Leave it Where You Want to Begin

One of my practices right now is to begin my day on a blank page. Or, more specifically, a blank screen. I finally realized that beginning my day in the urgent mode of triaging my many inboxes destroys my chances of getting into the important mode of setting goals for the day. After several weeks of practice, I have successfully formed the habit. But my form is still bad. It takes a couple minutes of closing windows, (and being distracted by the content), before achieving tabula rasa.

So, now I am adjusting my behavior further by making it a point to close my computer in the state I want to open it in.

I’m pretty sure we can find ways to apply this to other areas of our lives.

under-communicating

Due to the extreme pace and environment of my little startup-life these days, I have had a chance to recognize how much poor communication bothers me. Especially under-communication. A.K.A. the expectation that I should somehow get your drift and immediately comprehend what you are trying to communicate.

Obviously, as soon as I convinced myself this is about everyone else, I realize that, no, this is about me and what I need to work on to improve my communication.

So, I made a couple guidelines for myself:

Provide the context

Everyone else hasn’t been reading the same emails, or articles, or overhead the same conversations. So, let people in on the context of where I am coming from.

Be clear about my opinions vs. the facts

I know whether I am stating my opinion, or citing facts. (Um, usually.) But, that doesn’t mean anyone else does.
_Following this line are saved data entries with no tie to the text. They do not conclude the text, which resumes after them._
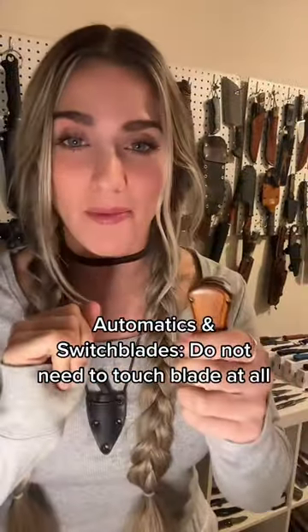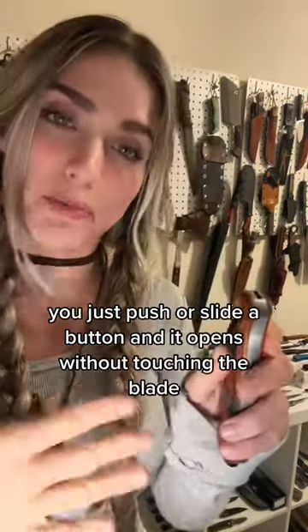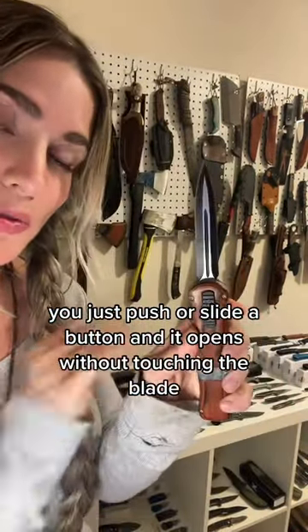Lastly, we have automatics or switchblades, where you do not need to touch the blade at all to deploy it. You just need to push or slide a button and it opens without touching the blade.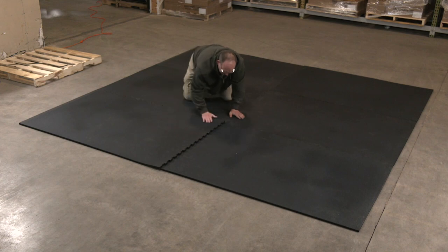When finished you should have a nice tight fitting and non-shifting rubber stall floor. Thanks for watching and enjoy your new rubber horse stall mat kit.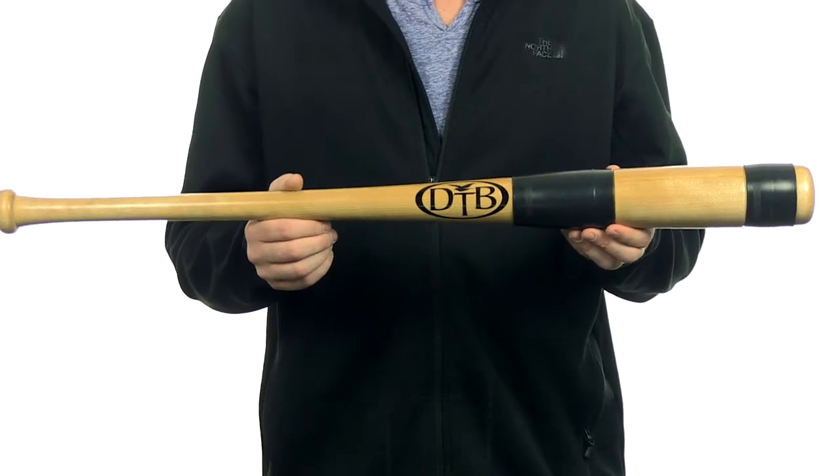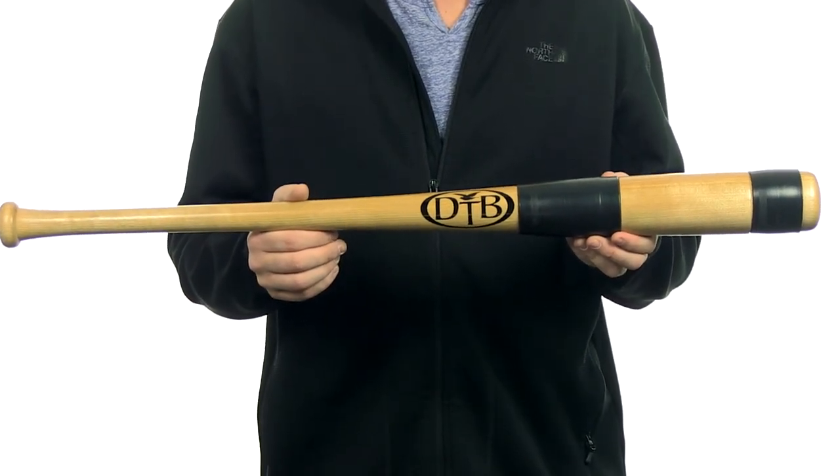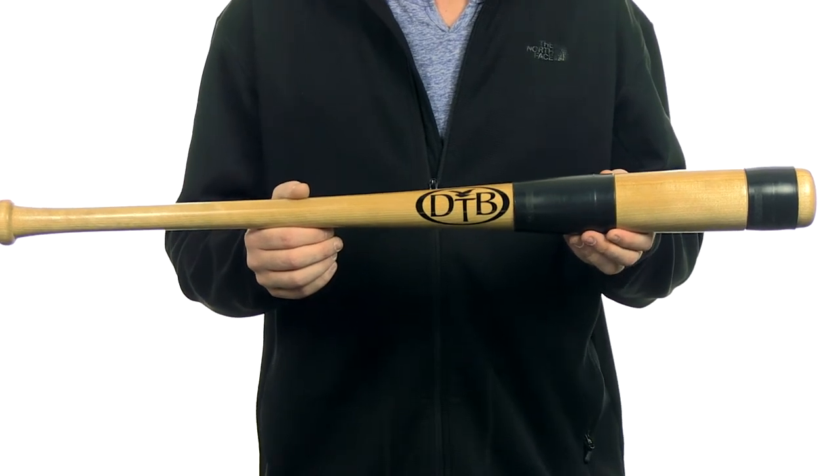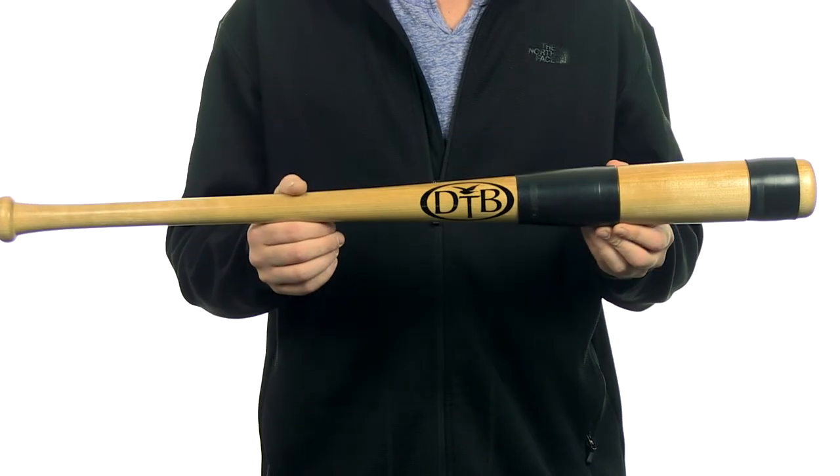What I have here is the Dovetail Bats Training Bat. The Dovetail Training Bat has the same weight as a traditional baseball bat. It has an approximate drop three length weight ratio. It uses audible detection so you know you're hitting the ball in the right spot on the barrel. Plus, this bat comes with free shipping.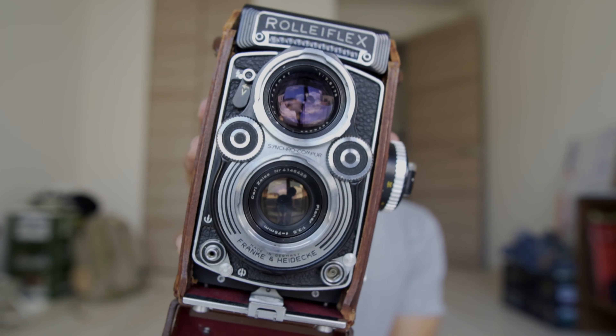We want to keep that. I'm not sure how to open it — okay, I need to unsnap this. Alright, we're looking good so far. Oh yeah, that looks good! I got a Rolleiflex 3.5 F and the meter is definitely alive.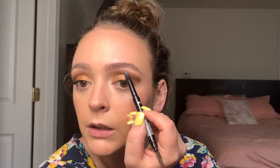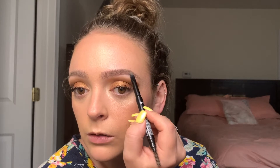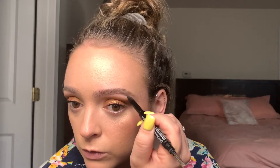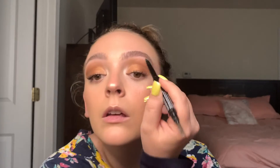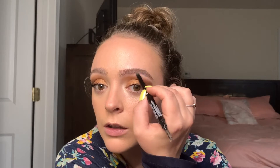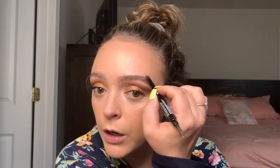Then from here I just start adding little hair-like strokes underneath — just follow that natural arch that you have, the natural hair. Just do brow strokes. Then I brush the top down, and this is where I kind of make them more defined.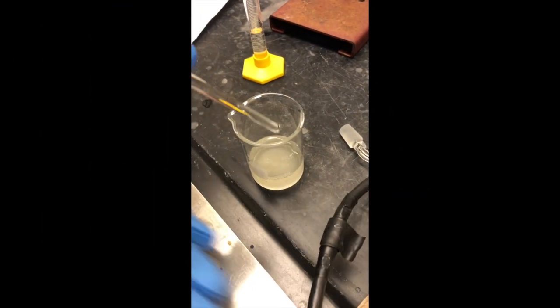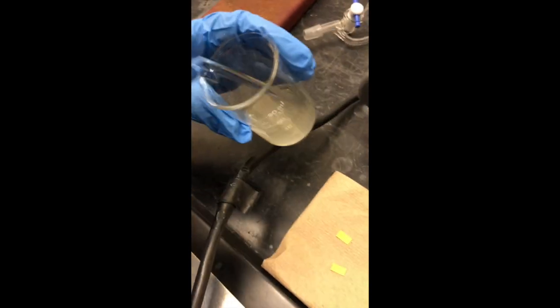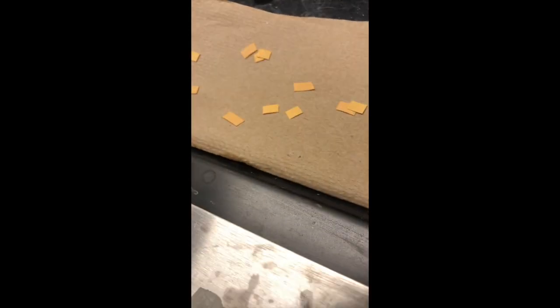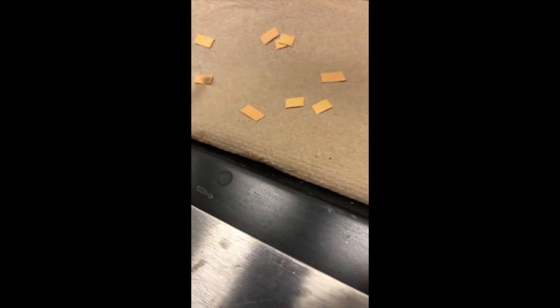Now that we've gotten all the magnesium strips out, we've put the two-layer solution back into a beaker and we're going to test that lower layer's pH. It's a little greenish, which basically means we have a basic solution — not too basic, but just a little basic.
Unless, I explicitly tell them.

Be clear about any questions or expectations for response

Don’t you hate rhetorical questions?

Make sure communication is directed at the appropriate channels

Reduce unnecessary duplication of information, or needing to have the same conversation multiple times.

What would you add to the list?

rapid serializiation

I don’t believe in multi-tasking. I feel like the more things we try to do at the same time, the worse of a job we do on all of them. Besides, we really only ever actually do one thing at a time, the other things simply distract us from giving our full attention and intention to the main task at hand.

Thomas Juggling

So, how do we juggle everything we need to do and manage all the ideas for new tasks that are in our face at any given moment? Good question. If you know the answer, please tell me. Meanwhile, I’m trying to practice rapid serialization. I still do too many things in a short amount of time, but I’m try to at least change my mindset: “I’m not doing all of this at once. I’m only doing one of these at once. Those other things are waiting right there for me to do next.” The hard part is trust those other things are going to be right there, and that I wont lose them simply because I don’t have them loaded up into my memory.
Project management tools are way too heavy for this part. A full-on GTD system is too distracting for this part. (Though I use both.) I just need a simple list that is always there that makes it easy for me to track everything going on right now, and lets me set down the new ideas that come to mind. And, most importantly, anything still on the list at the end of a productive burst is processed out into my real GTD system.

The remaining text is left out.